Bloomberg: Paris fintech summit shows banking disruption in spotlight, crypto sidelined

Crypto fever has truly broken: that was a big takeaway this week from the Paris Fintech Forum, one of the biggest annual gatherings of its kind in Europe where 3,000 entrepreneurs, investors, bankers, and regulators descended on the neo-classical Palais Brongniart, once home to the stock exchange. Last year, with Bitcoin and its imitators soaring, attendees jammed discussions on blockchain technology.

With the top 10 crypto assets down 80 percent in the last 12 months and skepticism mounting, many fintech pros concluded that the technology may not be ready for prime time, especially in an industry this heavily regulated. Instead, the conference was about getting back to banking basics. Sessions on building branchless lenders were standing-room only, investors buzzed about how 2019 could be a banner dealmaking year, and the most controversial moment came at a panel on old-fashioned lending.

With Europe’s new payments law now requiring banks to share customer account data with fintech firms, the prevailing vibe was that there’s plenty of action without messing around with crypto.

Perhaps nothing drove that point home more than the face-off between Gottfried Leibbrandt, the chief executive officer of Swift, and Brad Garlinghouse, the CEO of San Francisco’s Ripple Labs Inc. Swift is a 46-year-old cooperative that directs trillions of dollars in cross-border payments between thousands of banks. Garlinghouse has repeatedly vowed to leapfrog Swift’s 1970s-conceived system with a faster, cheaper blockchain-like one.

“I look at the dynamic between Ripple and Swift, and I liken it to Amazon and Wal-Mart,” Garlinghouse said on Wednesday to a packed auditorium.

Leibbrandt countered that for two years, Swift’s latest payment standard revitalized its system, letting customers track a payment like a FedEx package, and cutting transfer time to hours.
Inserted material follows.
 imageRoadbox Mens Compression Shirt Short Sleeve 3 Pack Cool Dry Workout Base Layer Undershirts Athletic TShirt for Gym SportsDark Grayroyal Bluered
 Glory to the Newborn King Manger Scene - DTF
Unlike Ripple, which has struggled to sign up major banks, Leibbrandt said the world’s top 60 lenders are utilizing its technology, which is already embraced by regulators.

“Banks are not ready for a model where you convert into a crypto and then convert back again,” Leibbrandt said. “It’s not clear to us that blockchain is better than what we have today.”

This week, the hot fintech jargon was “Banking-as-a-Service.” A more apt moniker might be “Bank-in-a-Box”: these ventures create digital versions of products ranging from debit cards to money transfer to account-management tools, which customers can rebrand as their own. Antony Jenkins, the former CEO of Barclays Plc, runs an outfit called 10x that has made inroads in this space.

“We’re commoditizing everything that a bank does,” said Brad van Leeuwen, head of partnerships at London-based Railsbank Ltd., as he showed a menu of offerings to prospects. Railsbank, whose slogan is “Banking in Five Lines of Code,” is capitalizing on the spread of inexpensive open source software and cloud computing.